On Dec 4, 2008, at 10:37 AM, Richard Graham wrote:

      Here is where I think we should reconsider accessing the
      notifier component in the btl.  It creates dependencies in
      the btl that are not needed.  The idea of a notifier
      component is a good one, but I would defer using it to upper
      layers, rather than embedding it in the guts of the
      communication system.  I would be in favor of an approach
      that sends the information up the call stack.  The btl?s should
      not depend on other communication primitives, as they are the
      communication primitive.

      Rich


      On 12/4/08 9:04 AM, "Ralph Castain" <r...@lanl.gov> wrote:

            Yes, FTB utilizes the notifier framework.

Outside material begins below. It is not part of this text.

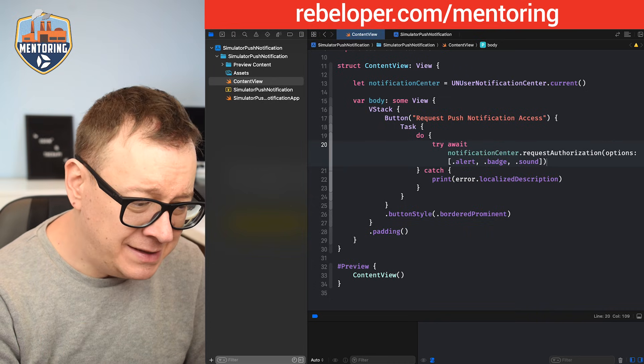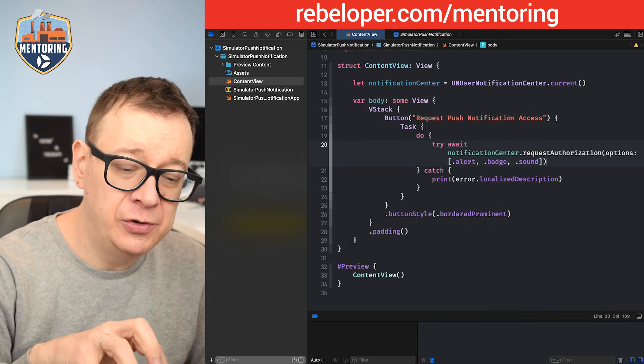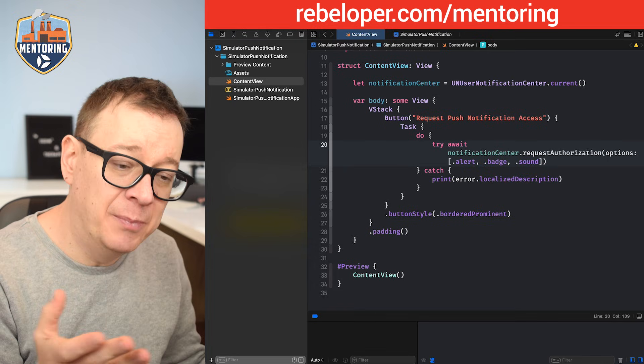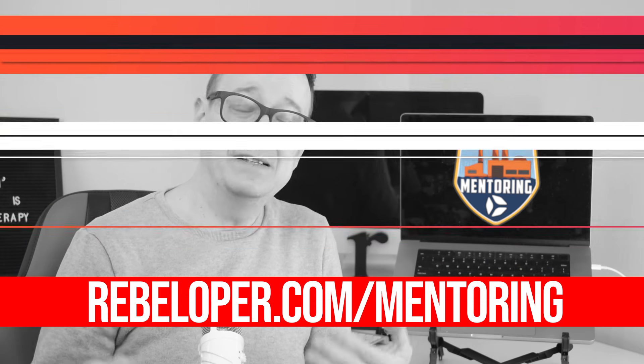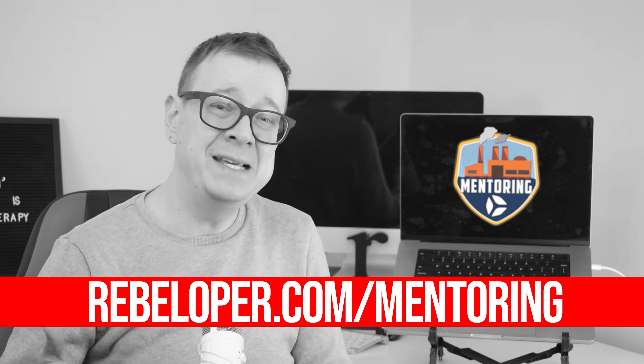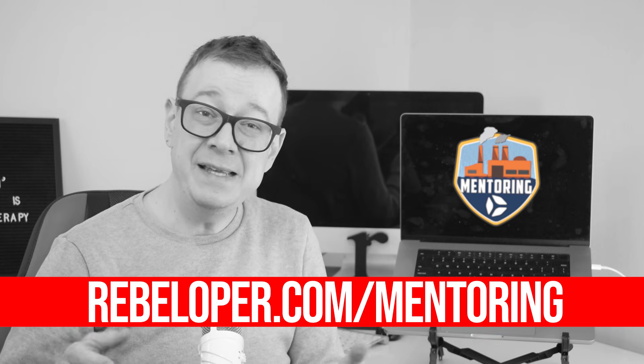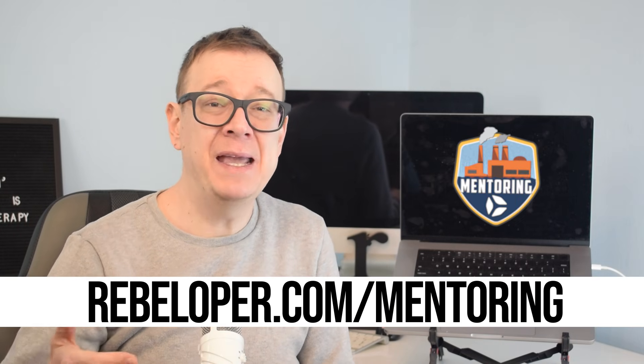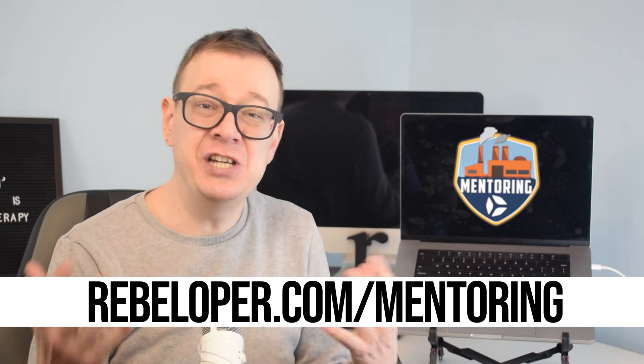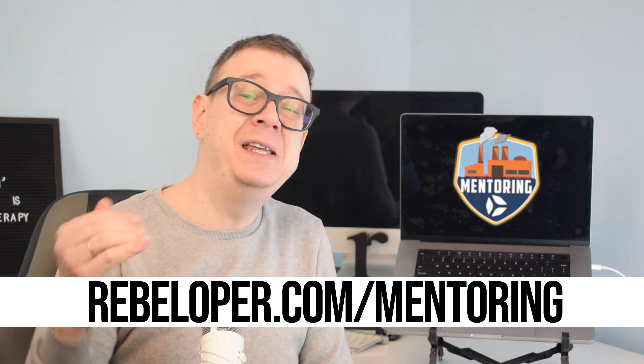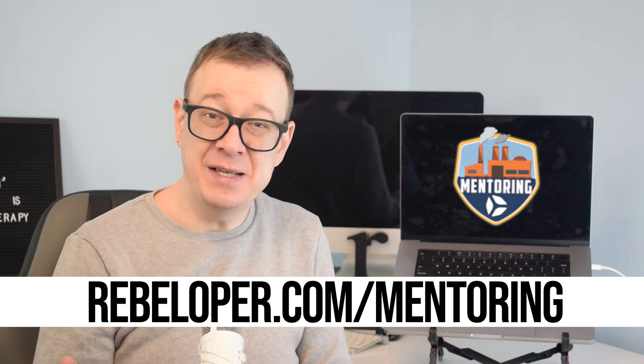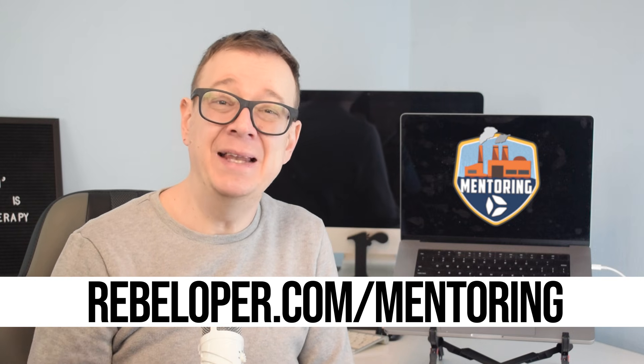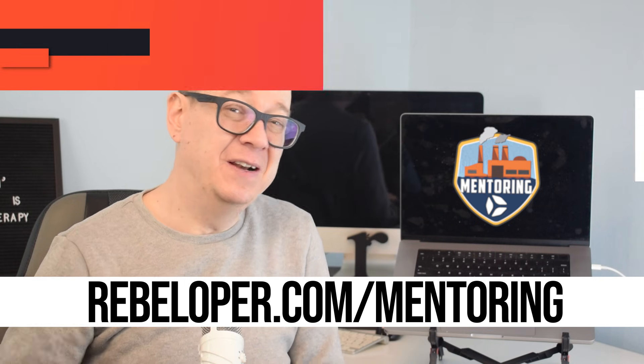Once that is in place, we're going to drag and drop push notifications. With years of experience and a deep understanding of SwiftUI, I can guide you through the complexities of building modern iOS apps with clarity and confidence. My mentoring sessions focus on practical, real-world applications of SwiftUI, helping you navigate challenges, adopt best practices, and refine your skills. Whether you're looking to deepen your knowledge or tackle advanced topics, my goal is to support your growth as an iOS developer. The link is down in the description.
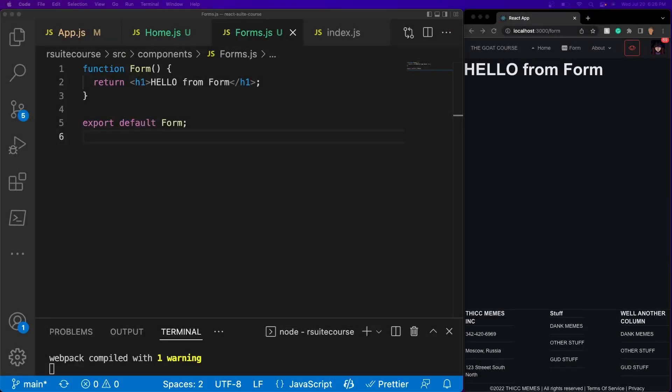What's up everybody, welcome back to another video. Today we're going to be talking about form and form validation in React Suite. By the end of it, we'll have a simple form made with some basic validation. Whenever we click on the Submit button, it'll submit and show us the values. So without further ado, let's go ahead and get started.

In
            addition, we have three
            other components getting ready to be added to
            that framework that will
            provide interfaces to Moab, SLURM, and a DOE
            monitoring program. The
            first two will require messaging capabilities to
            tell the schedulers
            about problem nodes/routes. The latter will also
            use a messaging
            protocol, but is mostly aimed at alerting
            operators to a problem and
            creating a historical archive.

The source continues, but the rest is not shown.